Gulf Federal did not notify the Hamptons of the reduction in the insurance to $10,000 in writing or otherwise, contending that it did not know their whereabouts. The hotel building burned on October 27, 1966. Following the fire, Gulf Federal received a letter from Mr. Hampton, dated October 20, 1966, from Raleigh, North Carolina, in which Mr. Hampton admitted that they had acted very badly in leaving so suddenly and without notice. Mr. Hampton, in effect, apologized for not have written sooner, but stated that they had been trying to find jobs and a place to live. The real purpose of the letter was to inquire about who bought the place at the foreclosure sale.

Insurance agent Smith testified, in substance, that the facts that the Hamptons had been delinquent in their mortgage payments; that the property had been vacated; and that the property was of a class known as a 'White Elephant,' caused the risk to accelerate to the point of almost making insurance prohibitive.

Gulf Federal received $9,900 of the insurance proceeds which it credited to the outstanding loan balance of $21,373.15. The trial court determined that the remaining unpaid balance with interest and late charges was $14,901.43 at the time of the trial. The trial court also awarded the amount of $2,500 as a reasonable attorneys' fee to Gulf Federal's counsel.
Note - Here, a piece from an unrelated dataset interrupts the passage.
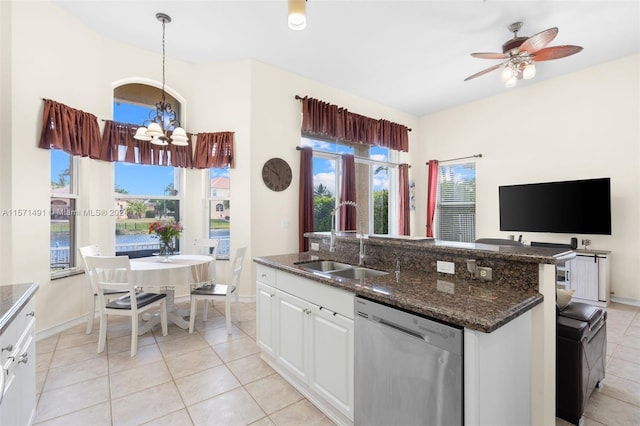 kitchen with light tile patterned floors, white cabinets, decorative light fixtures, stainless steel dishwasher, and sink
Appellants contend Gulf Federal should be charged with the $10,000 reduction of insurance and that the mortgage indebtedness owed by the Hamptons should be reduced by such amount. In support of their position, the appellants cite Wade v. Robinson, 216 Ala. 383, 113 So. 246, for the principle that a mortgagee who assumes the duty of handling insurance on mortgaged property must act in good faith and must use reasonable care. In that case, the vendor under a contract to sell real property, who had the option of handling insurance matters, exercised said option and took out fire insurance on the property being sold to the vendee, but failed to adequately describe the interest of the parties, thereby rendering the policy uncollectible. The vendor was held liable. For the same principle, the appellant also cites Boyce v. Union Dime Permanent Loan Association, 218 Pa. 494, 67 A. 766, and Warrener v. Federal Land Bank, 266 Ky. 668, 99 S.W.2d 817.

In the Boyce case, Supra, originally the...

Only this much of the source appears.